I barely remember anything I learned in the ice-skating classes I took for years and years, but I do remember the precise sound of my blade against the ice, how satisfying it was to hear the scrape build and build and then suddenly go silent when I made a quick stop. When I flip back through my memories like a scrapbook, what pops out at me are moments so small and quiet they almost seem silly: sitting on a dock late at night, watching dots of light on the black water. Laying on the carpet in my grandmother’s apartment – a brown one that smelled like dogs – and spinning a big plastic globe around and around on its axis. Standing in a white shower, inhaling the scent of cucumbers and arugula and wishing everything in my life smelled just like that soap.
All of these memories have something in common: they were moments when I was just there.
I haven’t made one of those memories in a long, long time. I can’t even remember how. All I can think about these days is how I’m missing it, everything. I’m living my life ten steps ahead of where I am, existing in a moment that hasn’t even come to pass yet. When I’m watching my kids ride down the block on their scooters, I’m thinking about the email I have to send and the appointment I have to book. My husband tells me a story about his day and I nod my head and say the things I’m supposed to say, but I’m not really there: I’m already somewhere in the future, getting the next thing done.
“Be mindful.” “Be present.” “Exist in the moment.”
Do you have any idea how tired I am of hearing these things? Of saying them to myself?

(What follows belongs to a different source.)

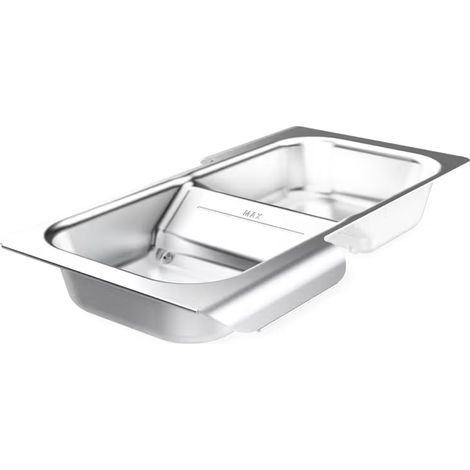 Kit de fumage Searwood 600 et 600 XL - Weber (1/4)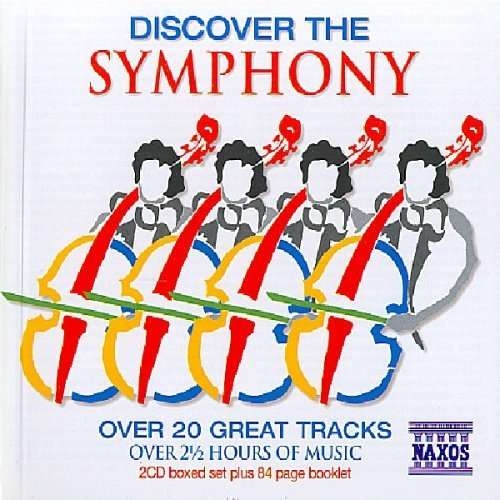 Various - Discover The Symphony i gruppen CD / Toppselgere hos Bengans Skivbutik AB (5510986)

Meditate? I KNOW. I know I’m supposed to meditate. I know I’m supposed to turn off my phone, to not check my email once in awhile, to be wherever it is that I am instead of squirreling myself away, burrowing down into a mind overflowing with lists and plans and check marks and favoring what must be done over what is.
I know where my inability to be present comes from, by the way; it’s no mystery to me. Part of it is a byproduct of living in a world where everything moves way too fast, where the flood of information is relentless and overwhelming, where the focus is on documenting experiences rather than actually experiencing them. But the rest of it is a creature of my own making: I am a person who is utterly convinced that if she stops worrying about what’s next, she’ll lose her focus, and everything will slip away.
I want to be present. I can’t do it. And the price I pay for this inability is watching my life go by like a movie I’m only half-paying attention to.
Sometimes, though, there are flashes of what could be, moments that make me remember what it all used to feel like. Yesterday afternoon my daughter wanted me to swim with her, and so we paddled back and forth, me holding her around her waist and saying “kick kick kick” while she paddled furiously, giggling and clutching at me so I knew not to let her go. And then something changed, or clicked, and she put her face down and raised her arms up, and she took off.
All of a sudden she could swim, and once she knew she could she couldn’t stop: she went back and forth, back and forth, from one side of the pool to the other, all by herself. I wanted to see what she looked like when she was swimming, and so I put on my dive mask and exhaled until I was sitting on the floor of the pool, looking up at her little body wiggling through the water, her cheeks puffed out with air, all laser focus and determination. She reached the steps of the pool and poked her head up, but I had some breath still left in me, so I flipped upside down and hung there, listening to the hum of the filter, looking at my feet silhouetted against the surface of the water and the sun and the sky. It was only for a couple of seconds, but for a moment I was just there, watching.